## PROVIDED DATA

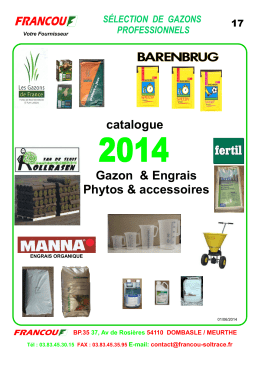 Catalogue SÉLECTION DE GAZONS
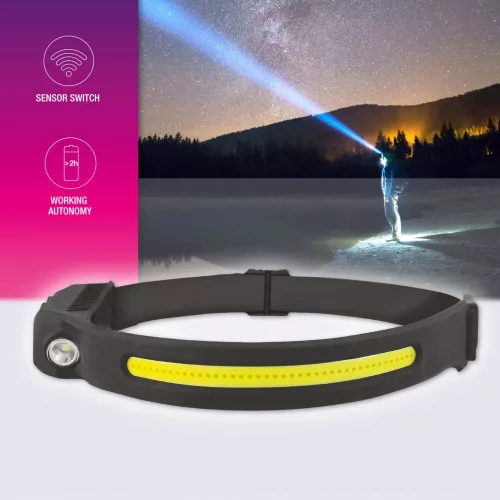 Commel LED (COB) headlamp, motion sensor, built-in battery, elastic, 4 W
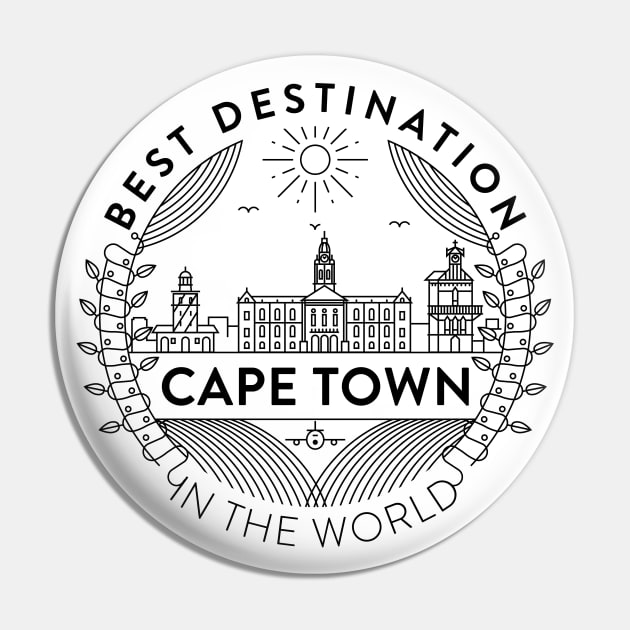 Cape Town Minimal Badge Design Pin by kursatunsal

* * *

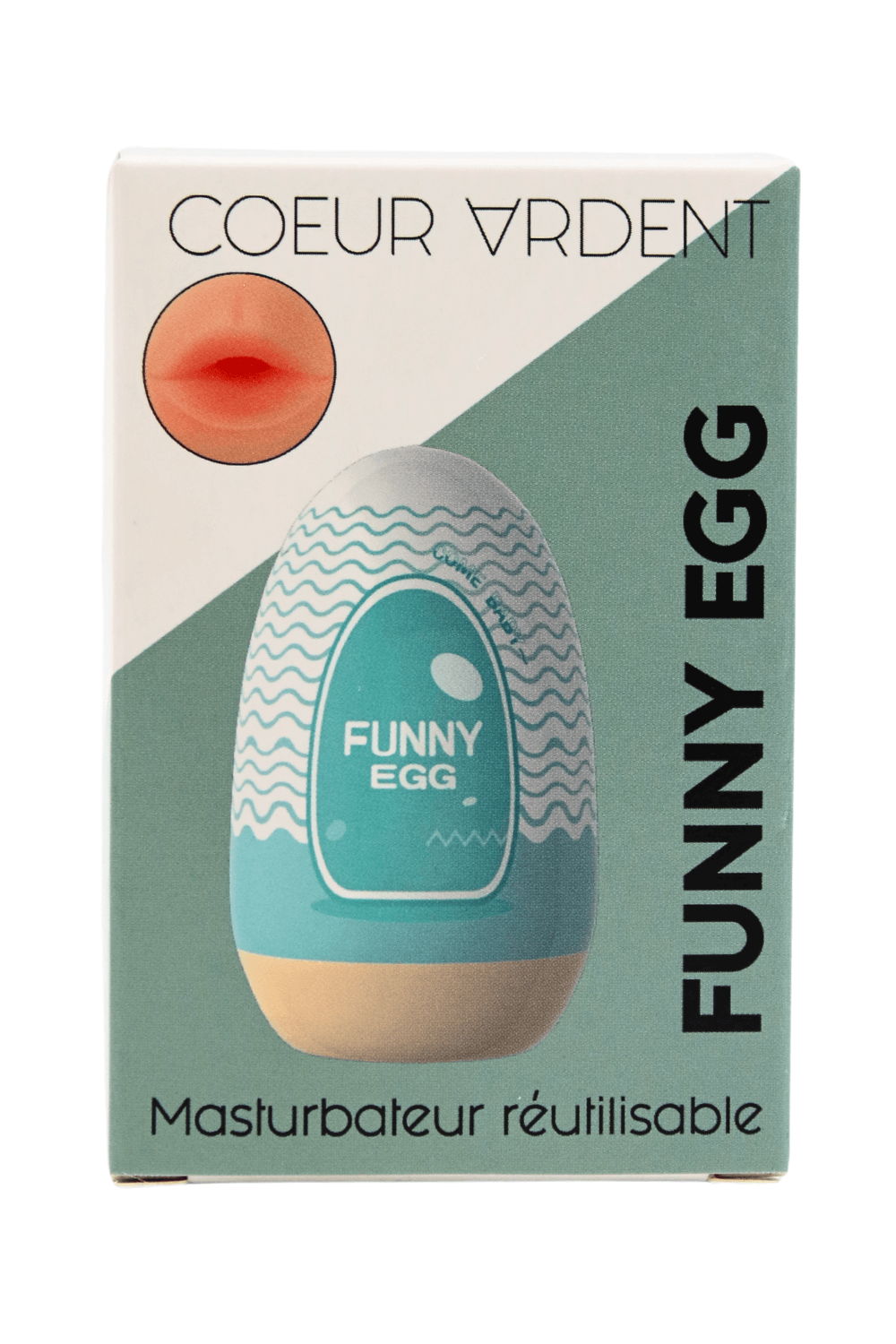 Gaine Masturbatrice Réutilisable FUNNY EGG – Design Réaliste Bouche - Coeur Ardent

## TASK DESCRIPTION
Start at the line containing "Catalogue SÉLECTION DE GAZONS" above and stop at the line containing "Cape Town Minimal". Output those lines exactly, both included, but none of the pictures.

## WORKED SOLUTION
 Catalogue SÉLECTION DE GAZONS
 Commel LED (COB) headlamp, motion sensor, built-in battery, elastic, 4 W
 Cape Town Minimal Badge Design Pin by kursatunsal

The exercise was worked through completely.